Kitabın kapağında da belirtildiği gibi " bildiğinizi sandığınız lüks, o lüks değil!"
Okuduktan sonra anlıyorsunuz aslında lüksün eşittir para olmadığını. Ya da sadece para olmadığını. Yoksa insanlar lükse erişmek için bu kadar çabalamaları elbette fuzuli olurdu.
Lükse herkes erişebilir mi ? Herkes erişirse lüks olur mu ? Çünkü lüks bir ayrıcalık.
Kalite lüks müdür ? Marka,kalite, lüks bağlantısı nedir ?
Lüksün doğru tanımı ve buna karşılık nerede nasıl göreceğimiz; hatta satış elçisinin davranışların etkisini küçük bir gülümsemenin etkisi, müşteri isminin neden bilmemiz gerektiğini, markanın ürün test etme gibi tehlikeleri sulara gitmeyeceğini, eski lüks yeni lüks karşılaştırması, teknolojinin lüksü etkilemesi, kadınların lüksteki konumu, minik bir ayrıntının gücünü etkisini vs daha birçok önemli bilgileri öğrenmemize yardımcı olan değerli bir kitap.

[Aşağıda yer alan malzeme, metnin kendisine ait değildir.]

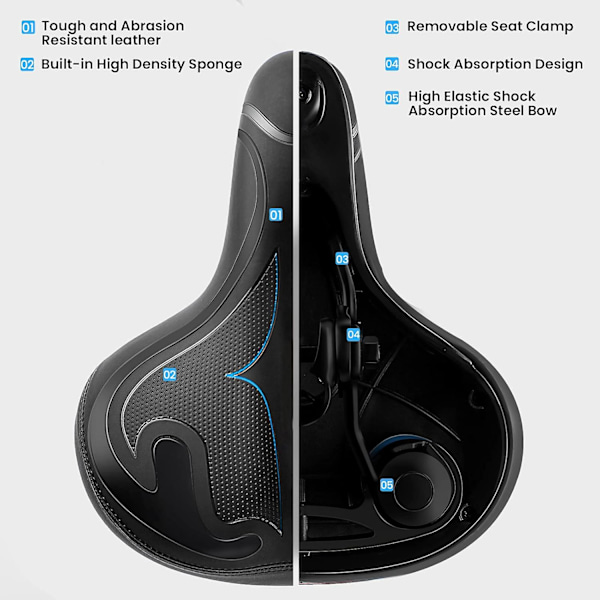 Andningsbart cykelsäte i memory foam, tyst fjädring med vattentätt läderöverdrag, ergonomisk design för säkra natturer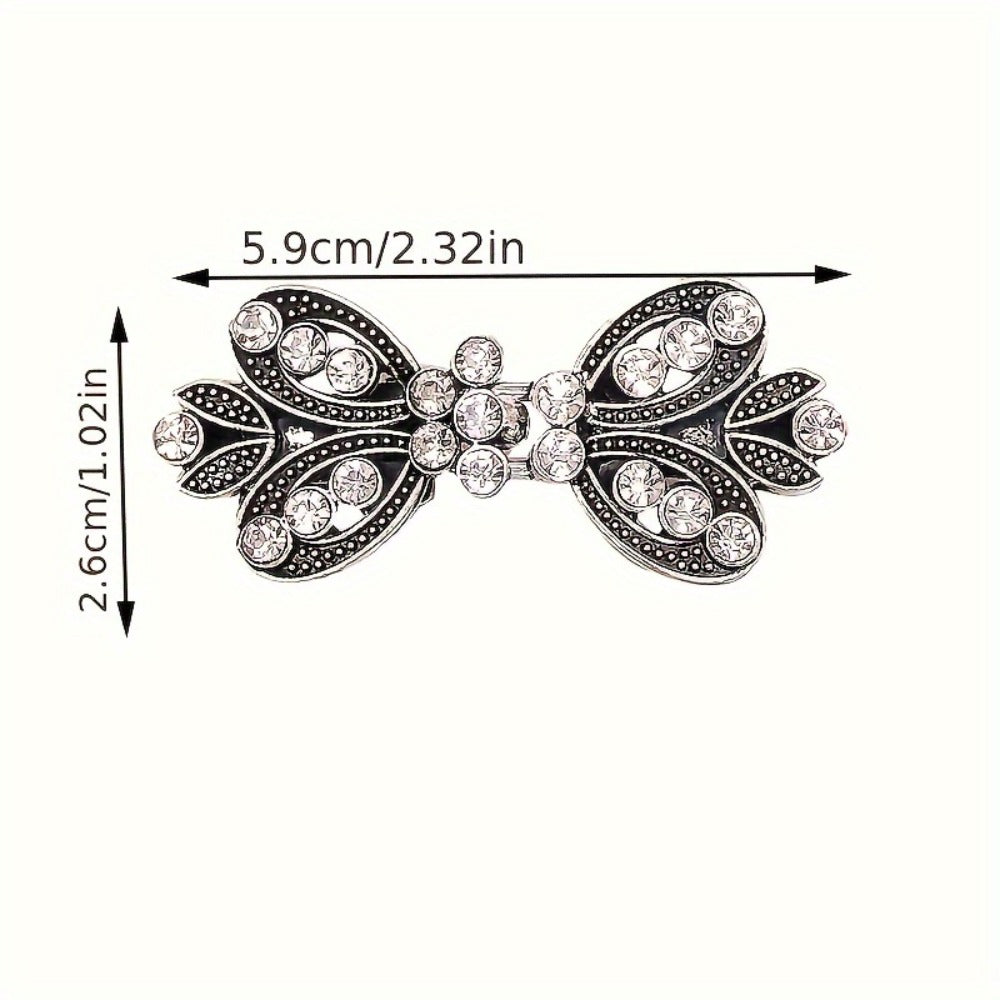 Hair Clips for Women - Sweater 3pcs Rhinestone Vortex Elegant Cardigan Shawl Cloak Clip Set for - product detail view 5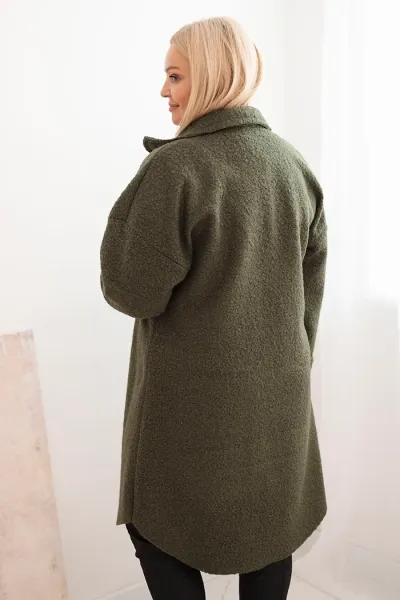 Legínovo Dámsky kabát Plus Size s vlnou zapínaný na gombíky s vreckami a golierom béžový Farba: Sivá, Veľkosť: UNI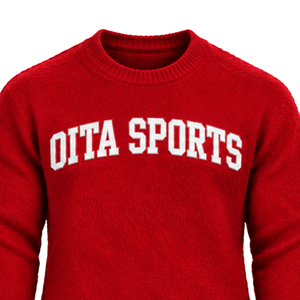Pull en tricot doux rouge cramoisi personnalisé pour homme, col rond, manches longues, chaud, décontracté, pour l'hiver, avec logo sur le devant en relief - Product Image 3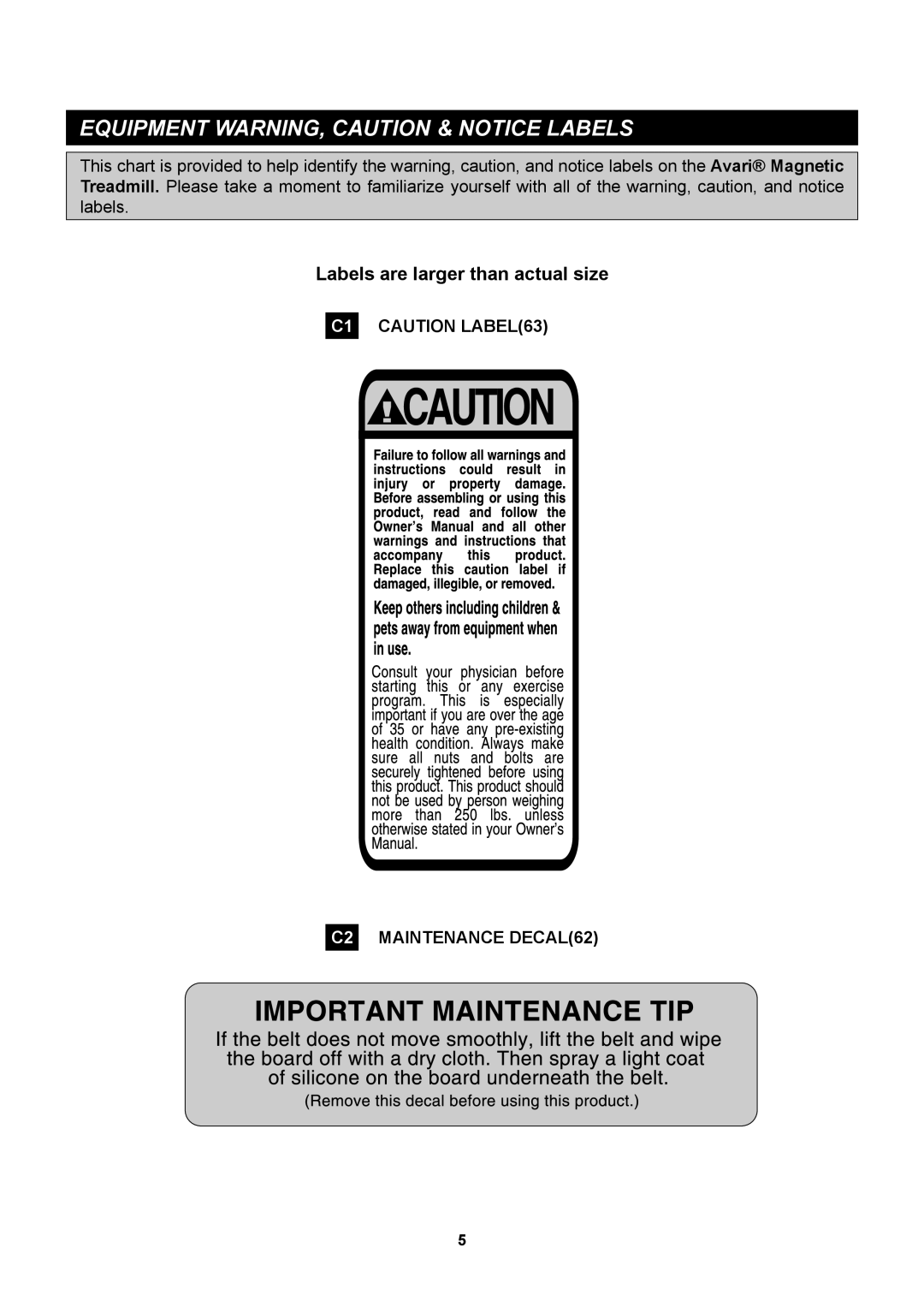 Stamina Products A450-255 owner manual Equipment WARNING, Caution & Notice Labels 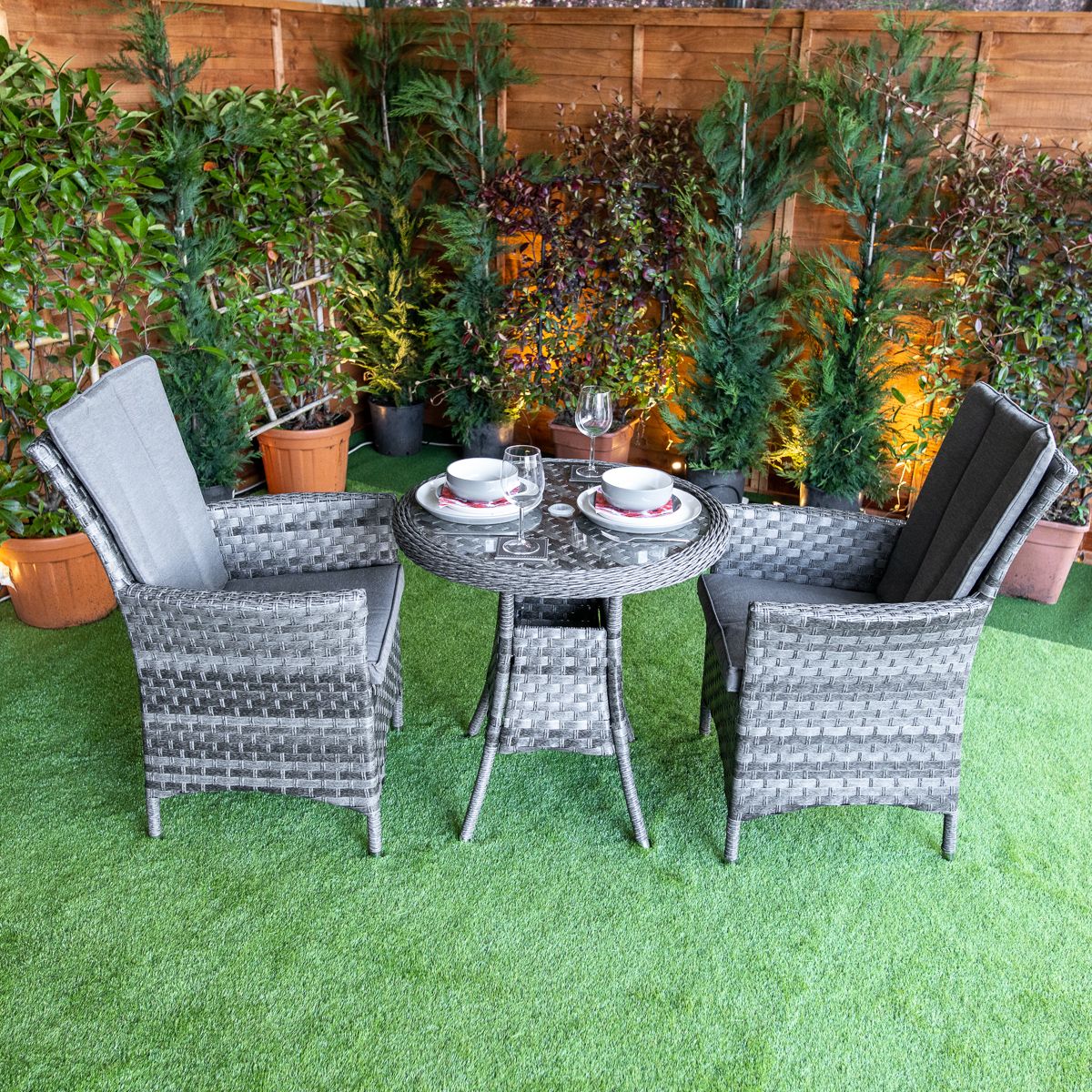 Serena Rattan Atlanta Round Bistro Set - Garden Furniture Hub Essex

Ve en önemlisi ve beni etkileyen şeyse:
Lüksteki her şeyin bir anlamının ve bir hikayesinin olması. Hatta kendimce şöyle bir tanım oluşturdum: Lükste ürünü almıyorsunuz anlamı ve kendi yolculuğunuzu satın alıyorsunuz.
Kitabın arka kısmında dünyaca ünlü markaların lüksü tanımlamaları verilmiş. Çok azı para kelimesini kullanmış.
Ve örnek verecek olursak:
"Lüks, asla eski moda olmayan bir trenddir."
Audrey Hepburn
"Lüks, kişinin kendisine yatırım yapmasıdır."
Tiffany Co
Globalleşen dünyada lükse ilgi artmışken lüksü doğru anlamak yerinde olacaktır.
Ve son olarak
Kitap yalın halde yazılması ve konuyu doğrudan anlatması kitabı akıcı hale getiriyor.